• _What you have to do_:
Repeat exactly the lines below that lie between the line with "Pack of Wild" and the line with "Operating instructions, Maintenance", counting both of those lines as part of the answer.

*** Block opens ***

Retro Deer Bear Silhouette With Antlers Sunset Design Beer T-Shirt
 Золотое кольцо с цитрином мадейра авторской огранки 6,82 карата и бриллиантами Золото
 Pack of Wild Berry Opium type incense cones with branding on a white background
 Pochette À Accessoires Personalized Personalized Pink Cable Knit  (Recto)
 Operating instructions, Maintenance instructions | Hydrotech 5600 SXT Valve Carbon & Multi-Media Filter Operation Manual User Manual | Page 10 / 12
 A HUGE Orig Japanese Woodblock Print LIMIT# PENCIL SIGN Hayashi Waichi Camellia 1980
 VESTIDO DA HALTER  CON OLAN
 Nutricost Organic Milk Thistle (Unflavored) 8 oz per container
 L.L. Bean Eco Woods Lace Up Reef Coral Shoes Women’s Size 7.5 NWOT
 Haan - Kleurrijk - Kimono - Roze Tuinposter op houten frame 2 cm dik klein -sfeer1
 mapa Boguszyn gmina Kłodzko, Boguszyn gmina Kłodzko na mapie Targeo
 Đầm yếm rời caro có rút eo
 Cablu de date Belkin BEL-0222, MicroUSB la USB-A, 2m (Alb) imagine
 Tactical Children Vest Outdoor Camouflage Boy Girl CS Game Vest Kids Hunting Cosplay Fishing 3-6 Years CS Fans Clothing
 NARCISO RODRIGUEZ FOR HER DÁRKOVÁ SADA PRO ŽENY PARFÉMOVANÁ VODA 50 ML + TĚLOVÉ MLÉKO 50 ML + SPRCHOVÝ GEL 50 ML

*** Block closes ***

• _Answer below_:
 Pack of Wild Berry Opium type incense cones with branding on a white background
 Pochette À Accessoires Personalized Personalized Pink Cable Knit  (Recto)
 Operating instructions, Maintenance instructions | Hydrotech 5600 SXT Valve Carbon & Multi-Media Filter Operation Manual User Manual | Page 10 / 12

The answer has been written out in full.